# [What the task requires]
Should the listing contain images, exclude them; give the rest again exactly.

# [Input records]
--- START ---

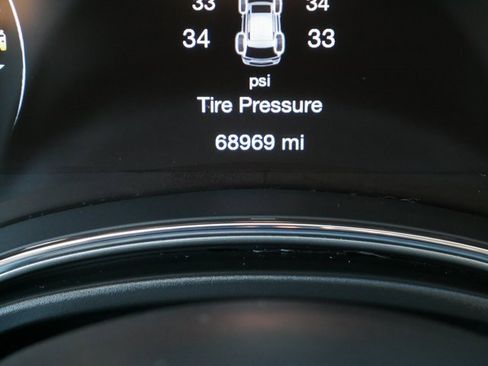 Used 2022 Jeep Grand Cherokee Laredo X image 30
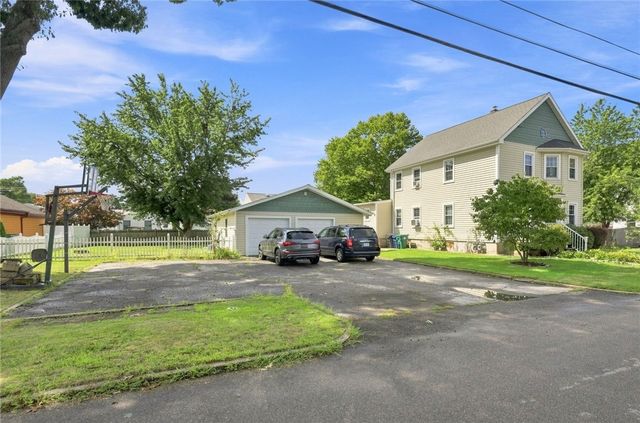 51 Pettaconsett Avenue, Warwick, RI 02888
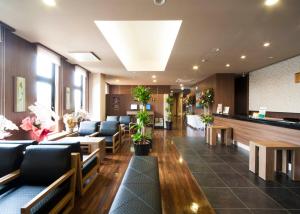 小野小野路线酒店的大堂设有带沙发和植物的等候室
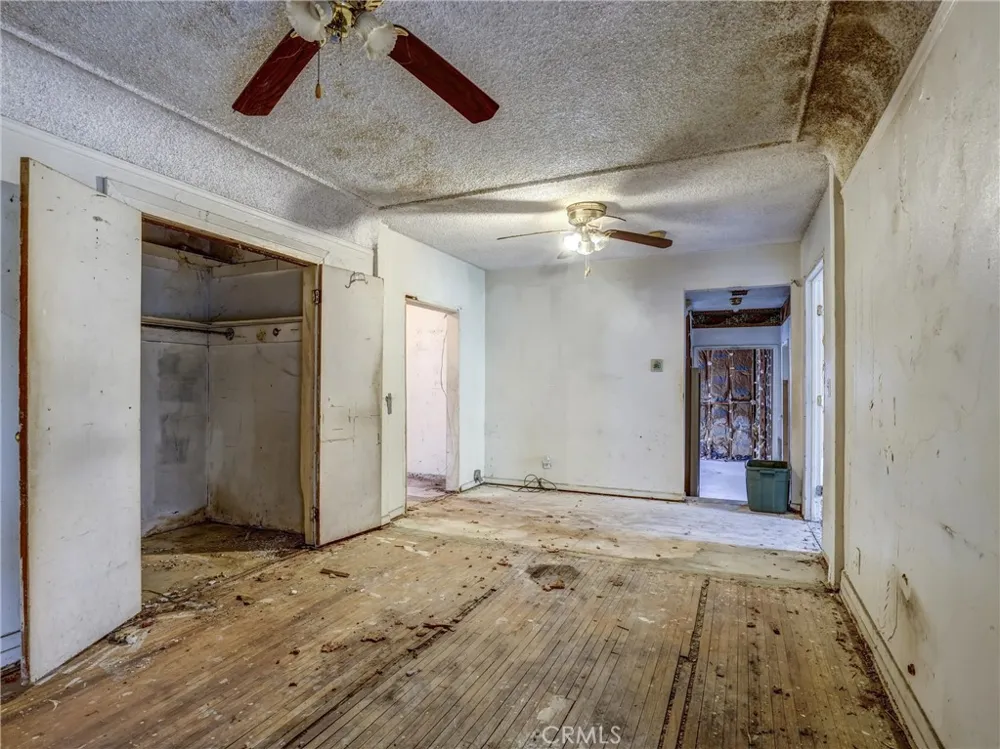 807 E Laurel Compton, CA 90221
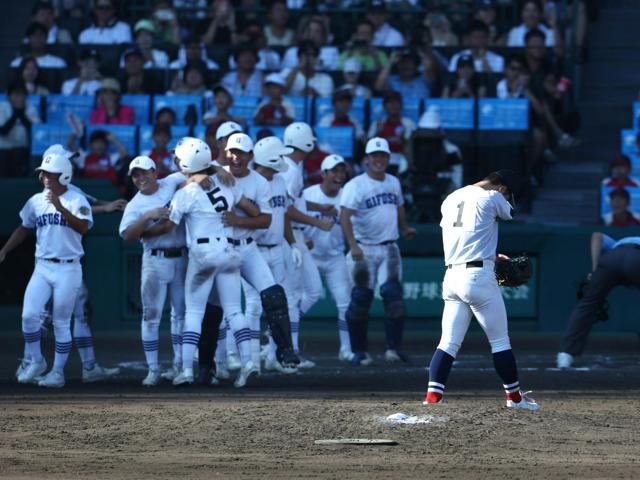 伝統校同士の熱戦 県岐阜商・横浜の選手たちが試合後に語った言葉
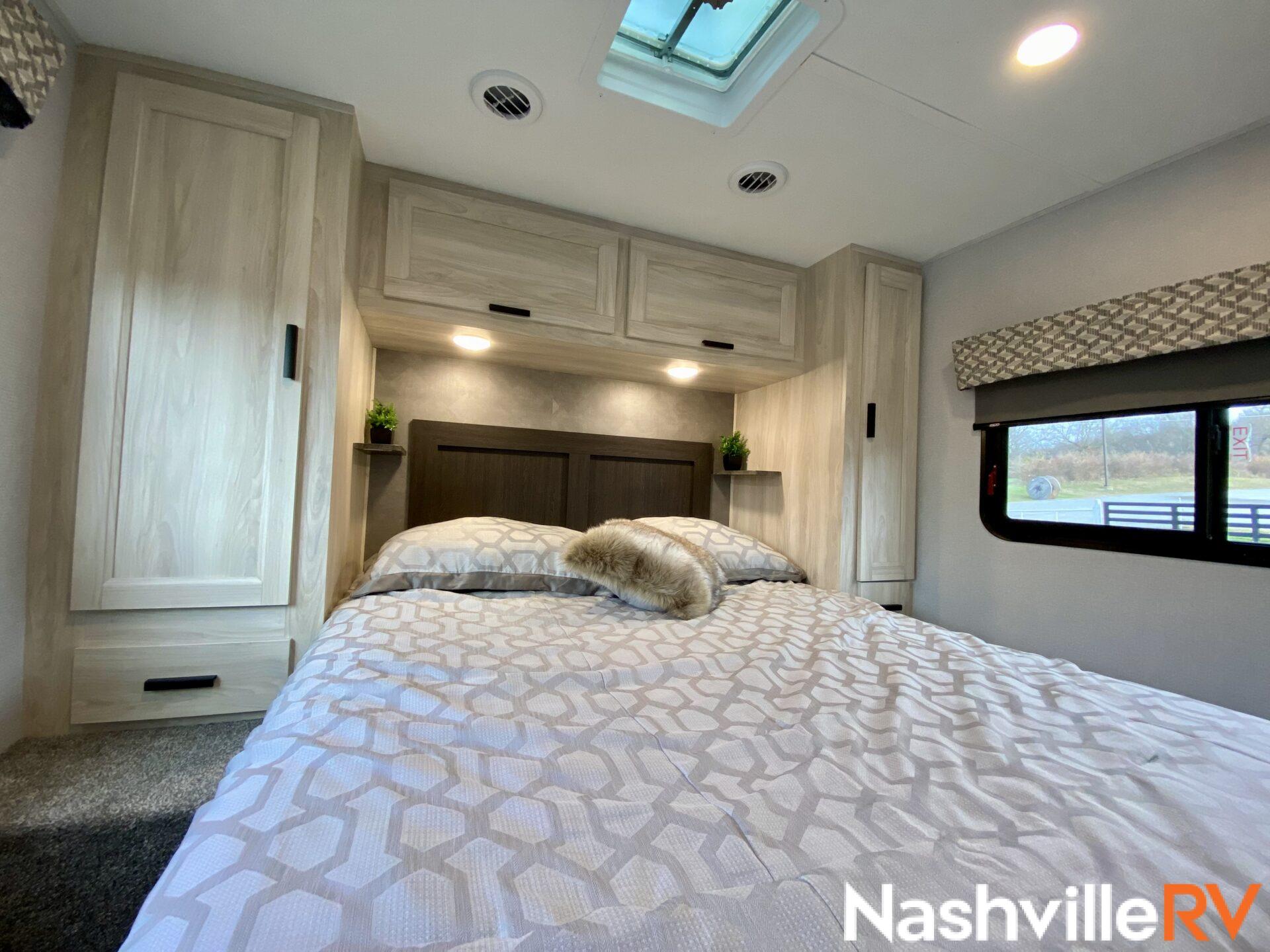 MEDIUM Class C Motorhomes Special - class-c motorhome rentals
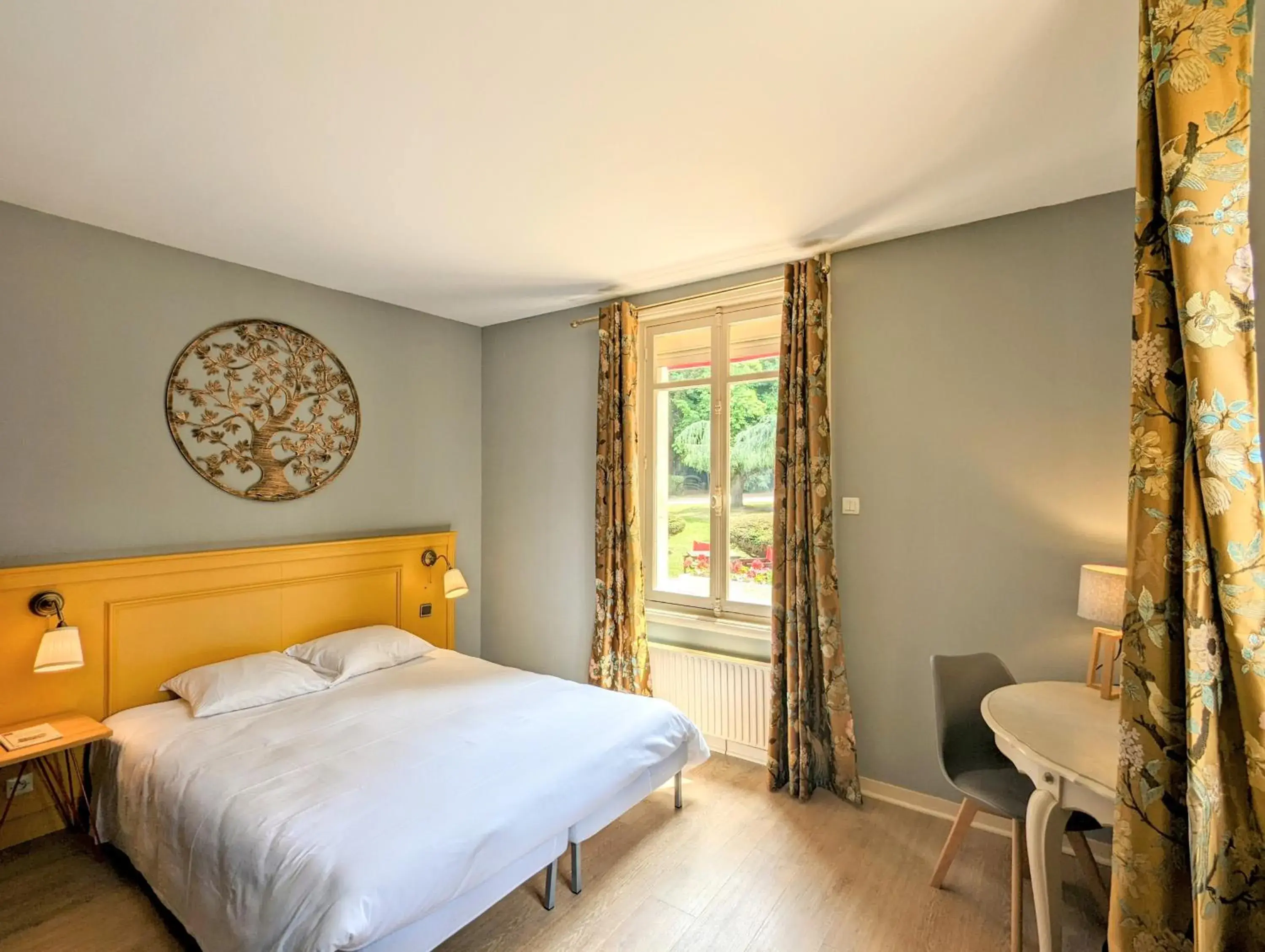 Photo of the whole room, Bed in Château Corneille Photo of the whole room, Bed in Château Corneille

--- END ---

# [Exercise result]
 Used 2022 Jeep Grand Cherokee Laredo X image 30
 51 Pettaconsett Avenue, Warwick, RI 02888
 小野小野路线酒店的大堂设有带沙发和植物的等候室
 807 E Laurel Compton, CA 90221
 伝統校同士の熱戦 県岐阜商・横浜の選手たちが試合後に語った言葉
 MEDIUM Class C Motorhomes Special - class-c motorhome rentals
 Photo of the whole room, Bed in Château Corneille Photo of the whole room, Bed in Château Corneille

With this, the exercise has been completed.